# Upgrade options



## mbwhy (Sep 16, 2008)

Currently have dual LNB supporting a 311 (upstairs) and a 510 (downstairs)

Want ability to watch/record programs at the same time downstairs.

Plan to move 510 upstairs, sell 311. Get a new DVR for downstairs.

Also want to add 3rd TV in office adjacent to downstairs, figure to use a splitter to do so.

Looked at the 625..is it necessary to have both tuners hooked up to take advantage of all of the features.

Other suggestions?

Thanks.


----------



## BobaBird (Mar 31, 2002)

:welcome_s to DBSTalk!

It's more likely you have a Twin (2 LNBs in one housing for 110/119) than a dual (1 LNB for 1 satellite).

You can use a splitter to share the output of a receiver, but the 625 you're considering will, in Dual mode, allow the TV1 and TV2 outputs to operate independently.

All Dish dual-tuner receivers require both satellite inputs to be connected. The easiest way for you would be to use a DishPro Plus Twin on the Dish 500. The 625 could then use the supplied Separator on the existing line (assuming it's RG6) without having to run another line.
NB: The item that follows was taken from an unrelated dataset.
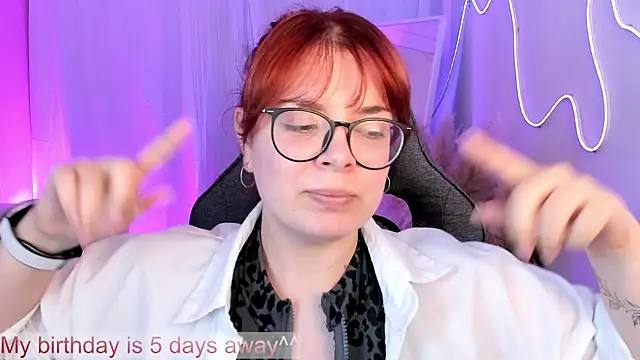 KeytSilvas Chat XXX in diretta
Log into your account at dishnetwork.com to see the terms available to you for a DVR upgrade. They will take care of all that for you for much less than buying.


----------



## mbwhy (Sep 16, 2008)

Thanks for the quick response. LNB Model is: Dual LNB Model No. ZKF-G52N

Cost of the 625 and the VIP 222 HDTV are close.

Wouldn't it make sense to get the latter? Get rid of the 311 and 510?

Due to location can only access 119.

Thanks



mbwhy said:


> Currently have dual LNB supporting a 311 (upstairs) and a 510 (downstairs)
> 
> Want ability to watch/record programs at the same time downstairs.
> 
> ...


----------



## BobaBird (Mar 31, 2002)

The ViP222 is not a DVR. The 625 can replace both the 510 and 301, saving you an additional receiver fee (assuming a phone line is connected) while adding full DVR features to the TV that now has the 301.

The ViP622/722 is a 2-room DVR that can record 3 HD channels (2 sat, 1 OTA) and deliver HDTV to TV1 and down-convert to SD for TV2.

You'll need to figure out your LOS issue if you want to make that upgrade. 
Several HDTV channels come from 110° with the rest coming from either 61.5° or 129°. New customers in the Dallas area (don't know where in TX you are) can get the Dish 1000.4 for 61.5°-72.7°-77° but you would have to retire both current receivers if you want to wait for that to be available to you.


----------



## amahdi (Sep 30, 2002)

BobaBird said:


> The ViP222 is not a DVR. The 625 can replace both the 510 and 301, saving you an additional receiver fee (assuming a phone line is connected) while adding full DVR features to the TV that now has the 301.
> 
> The ViP622/722 is a 2-room DVR that can record 3 HD channels (2 sat, 1 OTA) and deliver HDTV to TV1 and down-convert to SD for TV2.
> 
> ...


I am in the same boat as well. I need to upgrade my 501 to a 625. I am thinking of buying it from EBAY and then installing it - however Dish said I could call them up and they would schedule a free install. Had a few questions...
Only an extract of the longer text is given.